[WHAT IS BEING ASKED]
Starting at the first line of the entries, extract each line up to and including the one that contains "Vasthrlay Designer Saree", but leave out the pictures.

(Scraped caption text data)
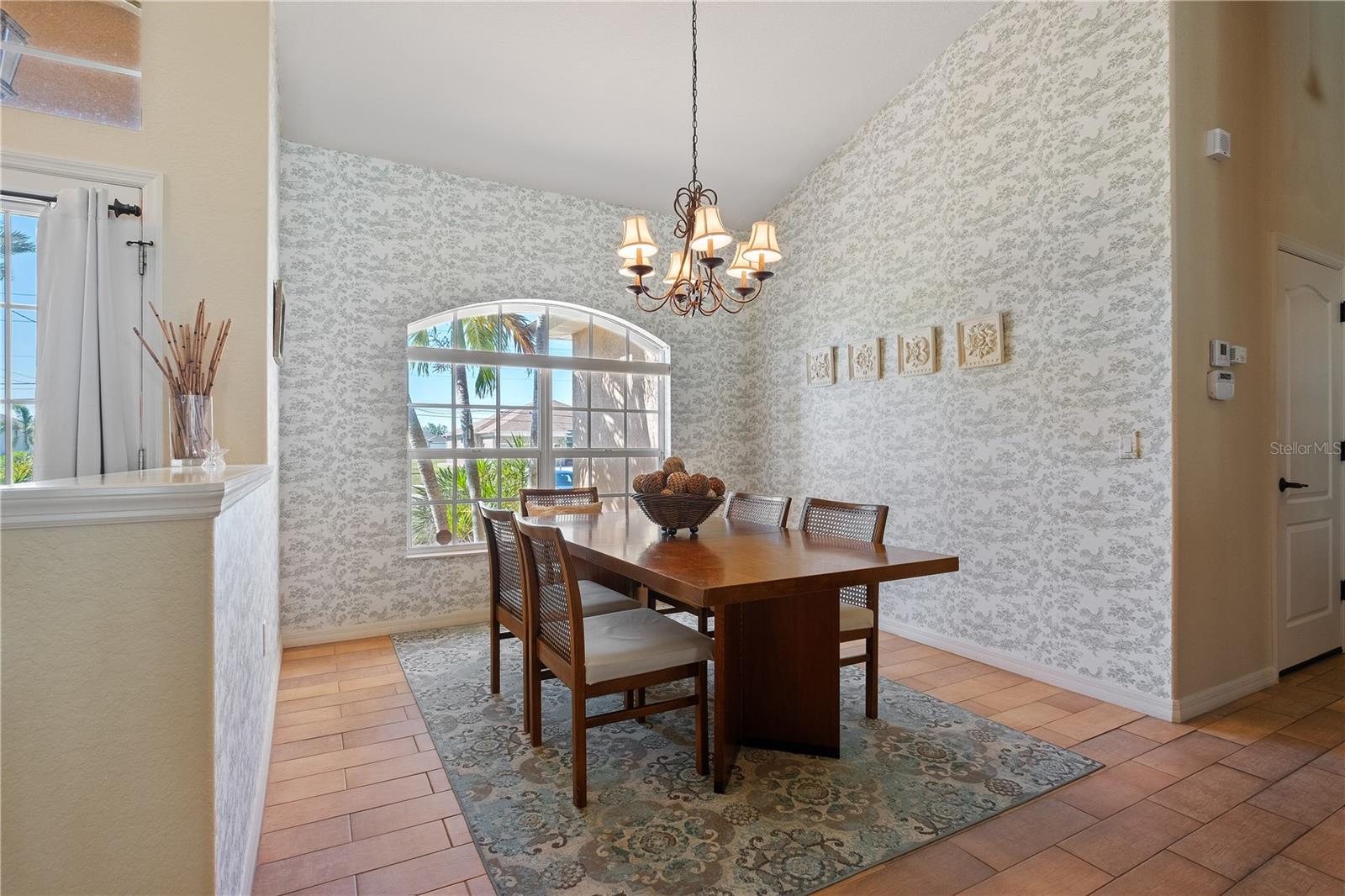 175 Rotonda Boulevard E Property Photo 4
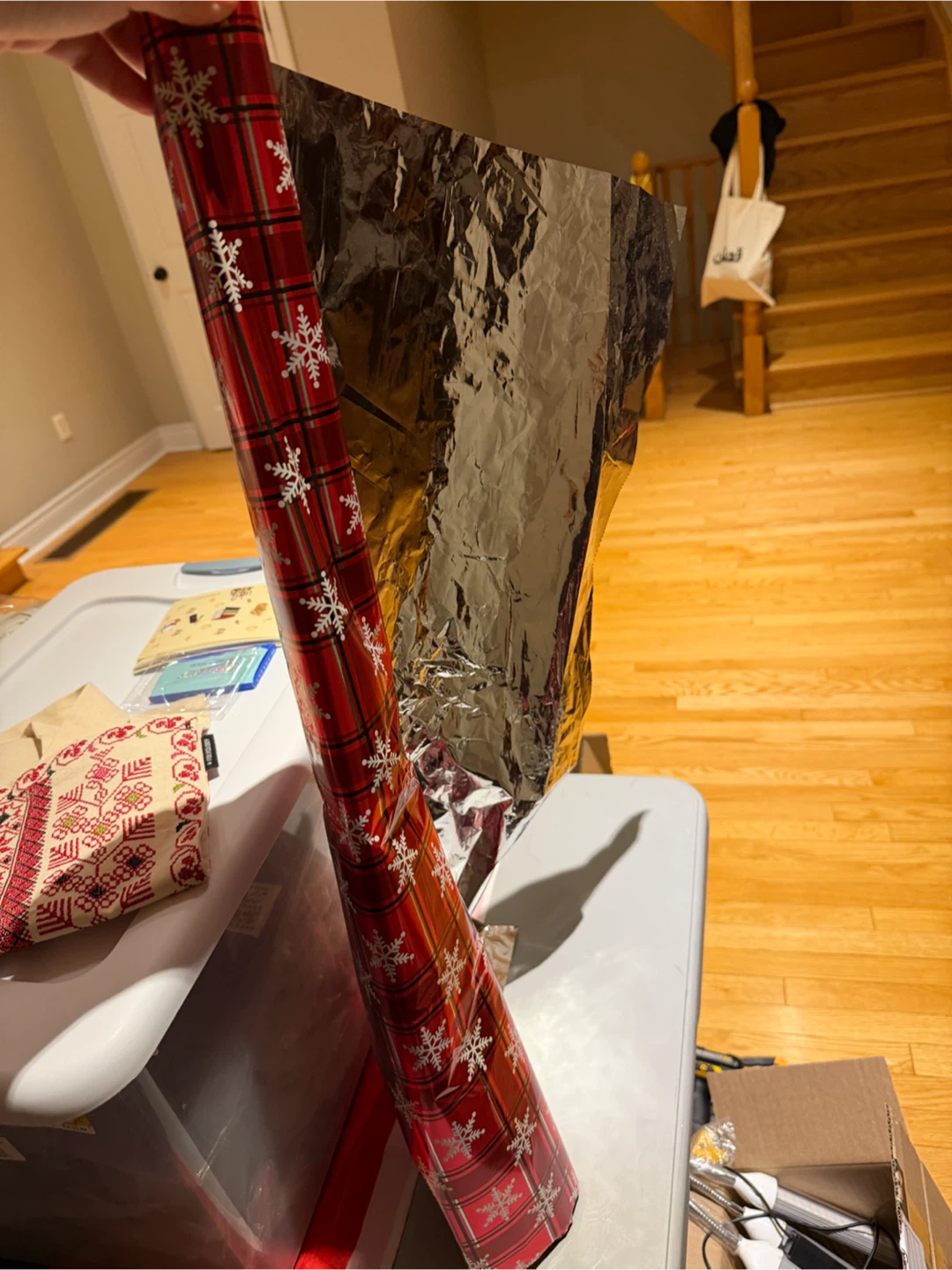 A roll of gift wrapping paper - photo 2
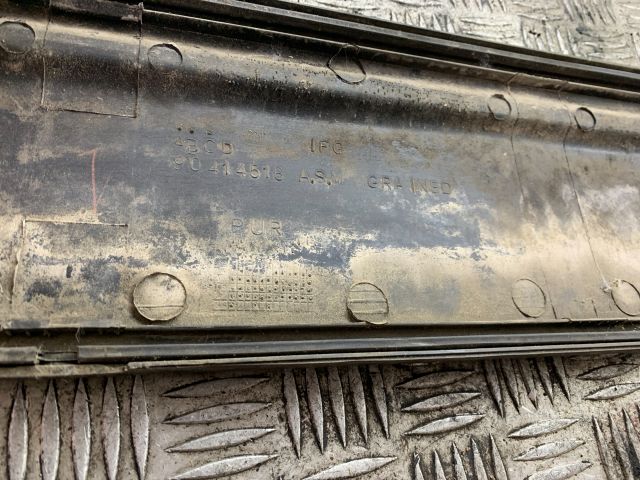 bontott OPEL ASTRA F Csomagtérajtó Díszléc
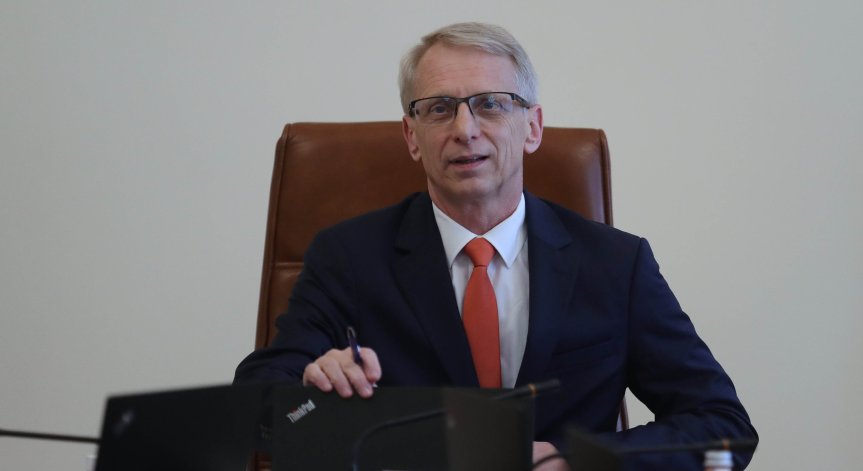 Акад. Денков: Бюджетът ще е с до 3% дефицит, няма да има увеличаване на данъците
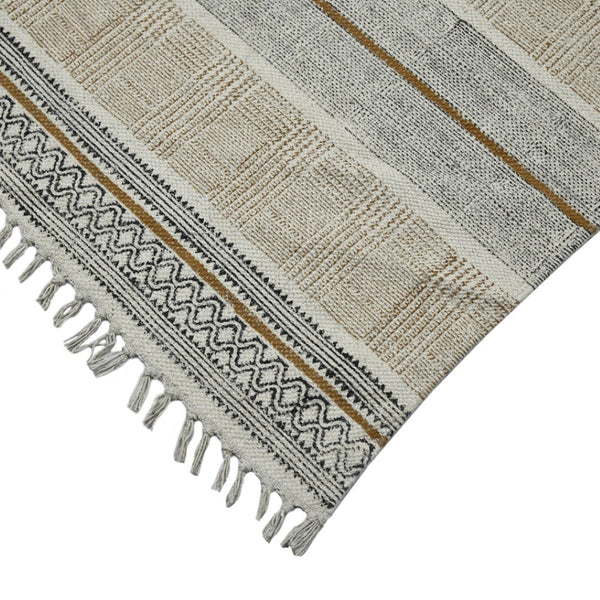 HomeRoots 5' Handmade Flatweave Distressed Area Rug in Gray and Brown with Fringe for Stylish Living Spaces 8' X 10' 532038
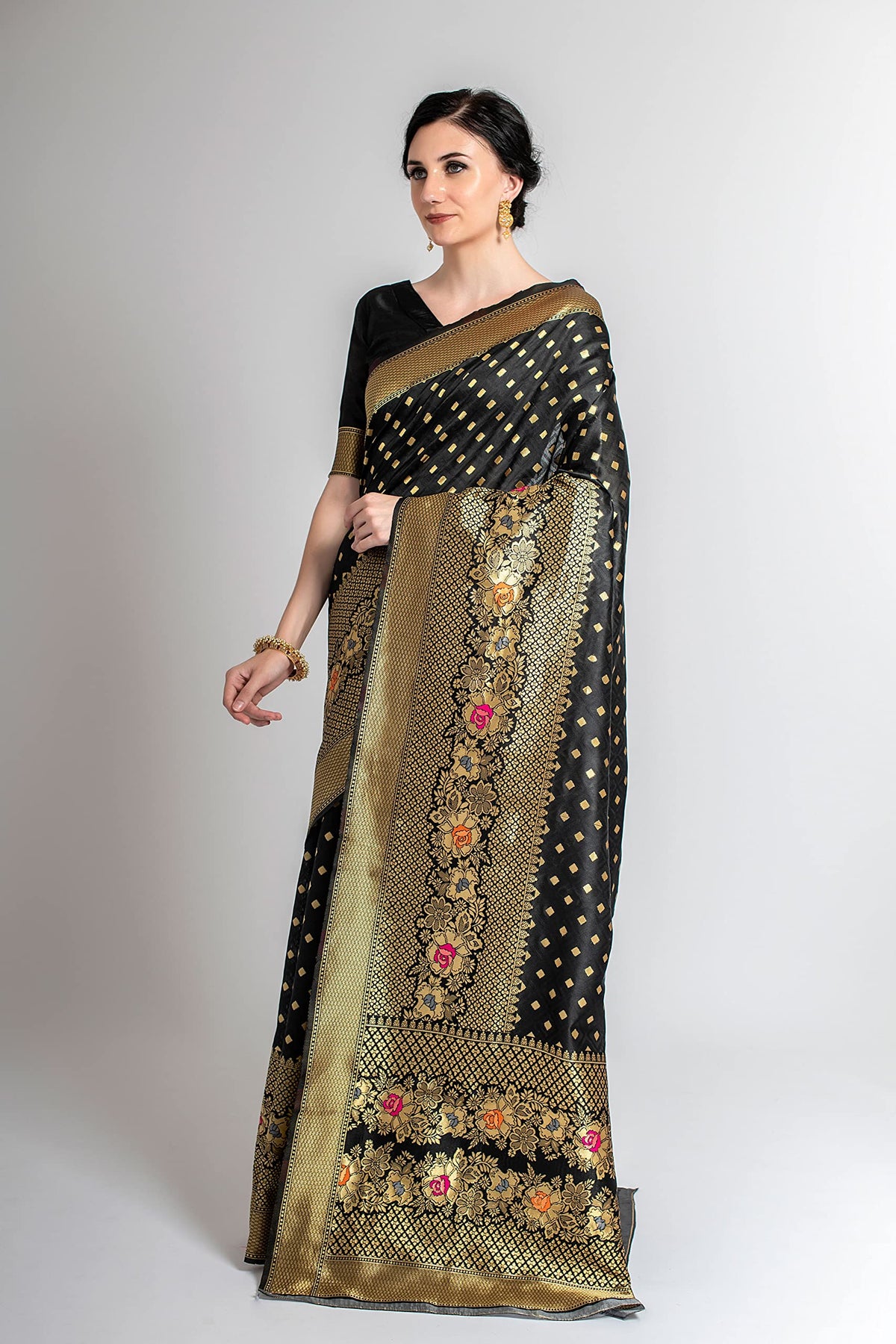 Vasthrlay Designer Saree in Classic with refined ethnic ethnic appeal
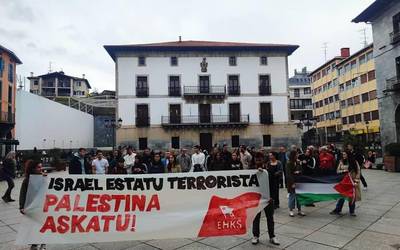 Palestinaren aurkako "basakeria sionista" salatu dute plazan
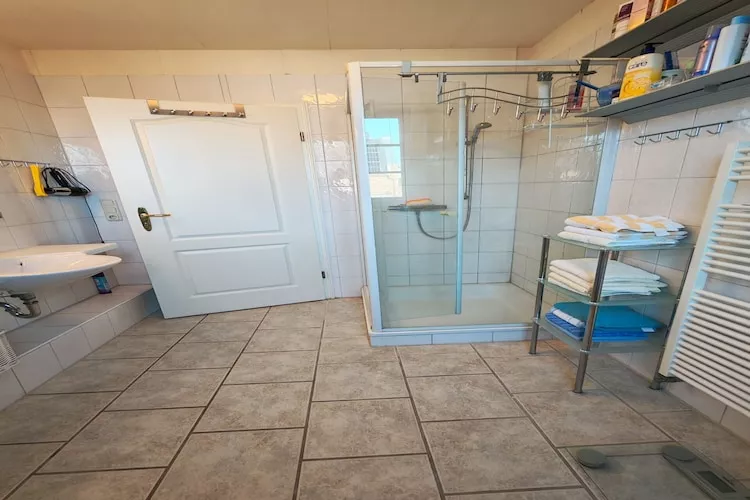 Ferienwohnung Gartenblick - Badezimmer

[YOUR RESPONSE]
 175 Rotonda Boulevard E Property Photo 4
 A roll of gift wrapping paper - photo 2
 bontott OPEL ASTRA F Csomagtérajtó Díszléc
 Акад. Денков: Бюджетът ще е с до 3% дефицит, няма да има увеличаване на данъците
 HomeRoots 5' Handmade Flatweave Distressed Area Rug in Gray and Brown with Fringe for Stylish Living Spaces 8' X 10' 532038
 Vasthrlay Designer Saree in Classic with refined ethnic ethnic appeal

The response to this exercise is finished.